2. Defining building blocks
Each regulatory process is composed of main building blocks such as: organizational units, processes, sub-processes, risks, controls, loss events, IT systems, financial accounts, audit plans and scenarios.

Not all the building blocks are relevant for each regulatory requirement. After defining the building blocks, we need to assign the right building blocks to each GRC process. This mapping will be used later on to define the relations between the building blocks with regards to each risk management or compliance process.
Table 1 below presents a sample matrix mapping building blocks and GRC projects.
grc-supplement-article

3. Defining common terminology
Due to the diversification of the GRC methodologies, adopting a common language among all GRC projects is a crucial step to avoid misunderstandings within the organization.

Often different GRC project managers are using the same terminology for different data information. For example, when the Sox manager refers to “process”, he is referring to a different place in the architecture than the operational risk manager. Co-ordination between these two managers can prove difficult unless they define a mutual, common terminology.

When defining a common terminology, it is recommended to define a common name for each and every data field and to assign each field to one or more relevant GRC projects.

4. Ensuring consistent organizational structure
One of the typical mistakes we have seen across many enterprises is the existence of different organizational structures for each GRC process. Variant organizational structures often inadvertently cause mistaken assessments that are based on erroneous risk and control calculations up the organizational tree.

Obviously, a short scoping process is needed to determine which organizational units will participate in each GRC project.

5. Correlate processes and units
Because organizational processes usually cross several organizational units, it is important to define which part of the process is performed in each unit. This enables organizations to analyze the information using the organizational structure perspective.
For example, we assume a human resources process creates a residual risk of 10 X.
Company A documents this process with no correlation to the actual organizational units that are running this process. Company B divided this process into three sub-processes as follows:
grc-supplement-article_table
As opposed to company A who has only mapped residual risk to process, company B has the ability to analyze the information both from the process point of view and the organizational structure viewpoint. This can be useful when aggregating all the processes because this method easily highlights the more ‘risky’ organizational units. This technique also enables us to define more specific and accurate key risk, contextual and performance indicators to leverage existing information for extensive analysis of the data (see point 10 below).

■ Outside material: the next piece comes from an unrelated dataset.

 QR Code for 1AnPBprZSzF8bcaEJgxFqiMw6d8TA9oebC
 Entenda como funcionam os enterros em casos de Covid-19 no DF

6. Enable high-resolution granularity
According to one of the most famous axioms in the GRC industry, a correlation of many-to-many between all the building blocks is required to enable integrated GRC. For example, it is common knowledge that there are many-to-many relationships between risks and controls.

This is indeed necessary, but not quite enough to support an integrated GRC environment. The organization must be able to define different, distinct attributes for each instance of common risks and controls shared by multiple GRC processes. A common control that occurs in two separate GRC processes might be critically important for one regulation and less important in the other. The ability to define many-to-many granularity at the level of each attribute of each building block is critical for the success of an integrated approach.

Here is a sample that illustrates the need for this granularity:
Risk: Purchase-related transactions may not be recorded in a proper period.

This risk has several attributes, such as risk impact, risk likelihood and risk response, and is found in both Sox and operational risk processes.
The qualitative impact of risk when a purchase-related transaction is recorded on say, the January 1, 2008 instead of the correct date of December 31, 2007 is different for Sox and operational risk.

Since Sox is all about financial reporting, most companies would assign the risk impact here as high, while from an operational risk perspective, the fact that this transaction recording was delayed by one day is minor, and the impact would be classified as small.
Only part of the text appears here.